> _Source data_:
──────────
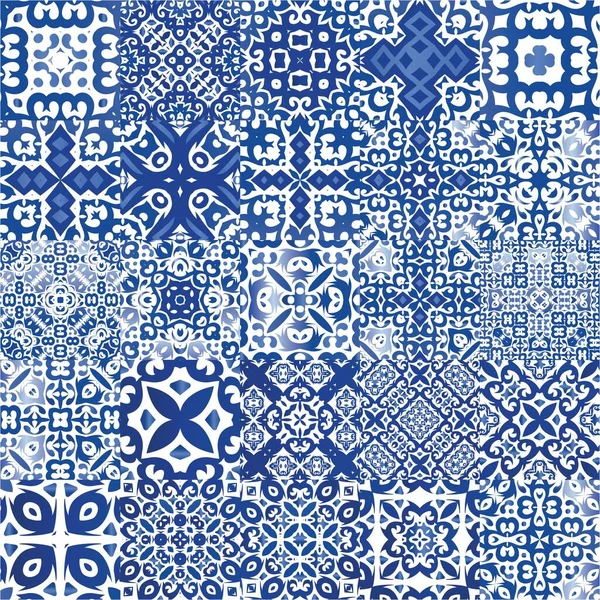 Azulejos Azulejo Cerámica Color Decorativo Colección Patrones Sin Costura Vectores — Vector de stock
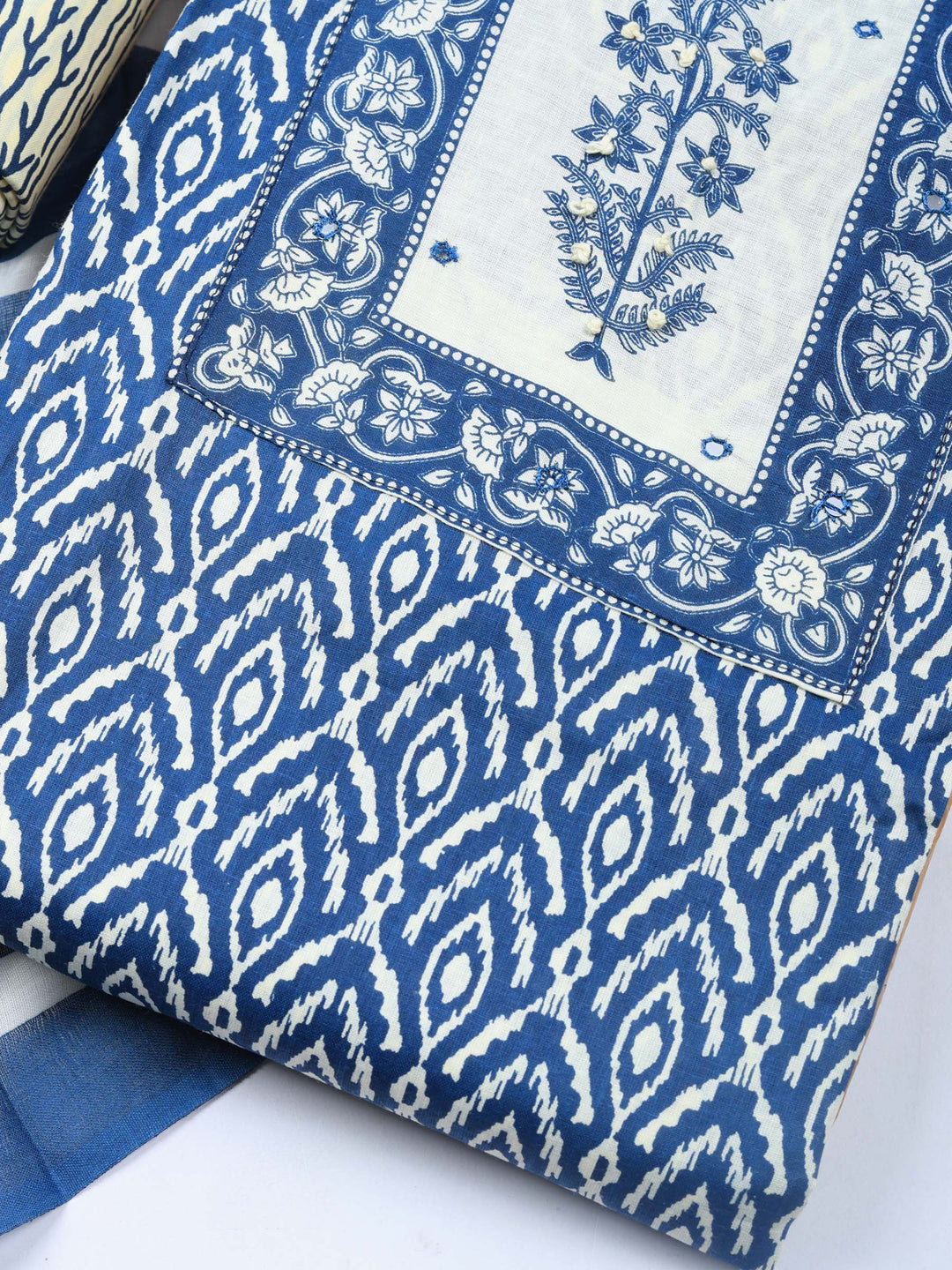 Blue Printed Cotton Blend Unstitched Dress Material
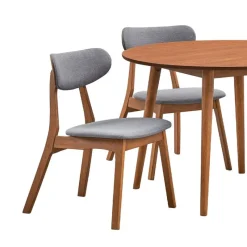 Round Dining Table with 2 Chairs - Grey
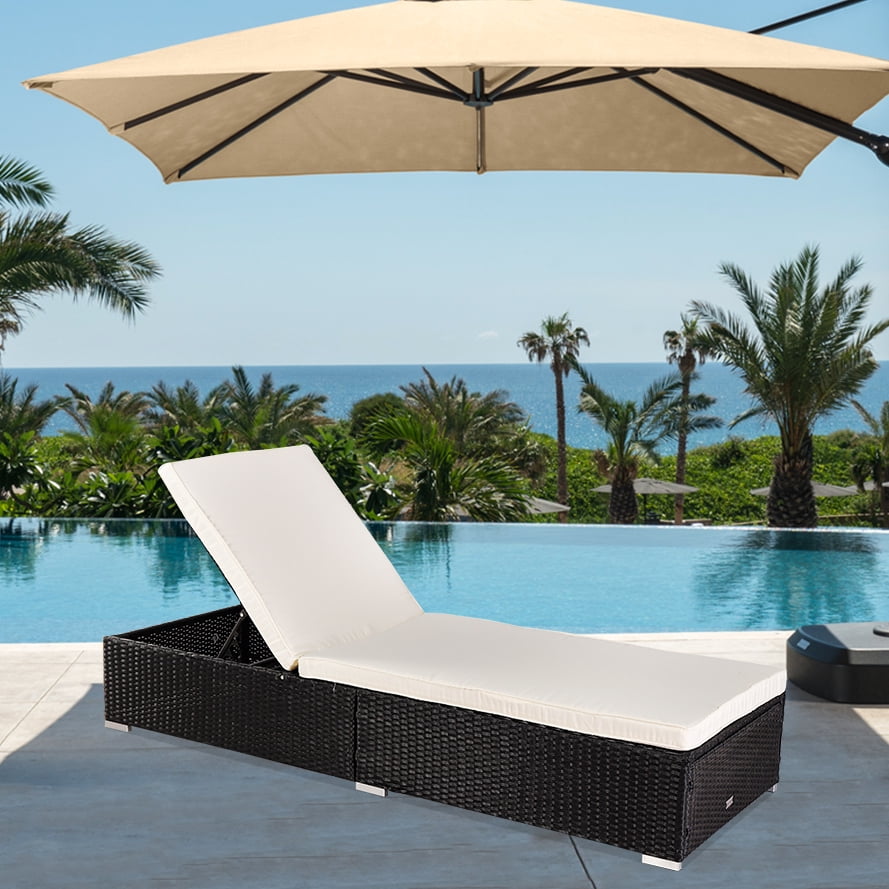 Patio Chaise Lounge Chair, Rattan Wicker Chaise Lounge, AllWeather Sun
──────────
> _How to complete this task_:
Would you retype exactly the lines running from the line that contains "Blue Printed Cotton" through the end of the listing above, both included? Skip every picture.

> _Task solution_:
 Blue Printed Cotton Blend Unstitched Dress Material
 Round Dining Table with 2 Chairs - Grey
 Patio Chaise Lounge Chair, Rattan Wicker Chaise Lounge, AllWeather Sun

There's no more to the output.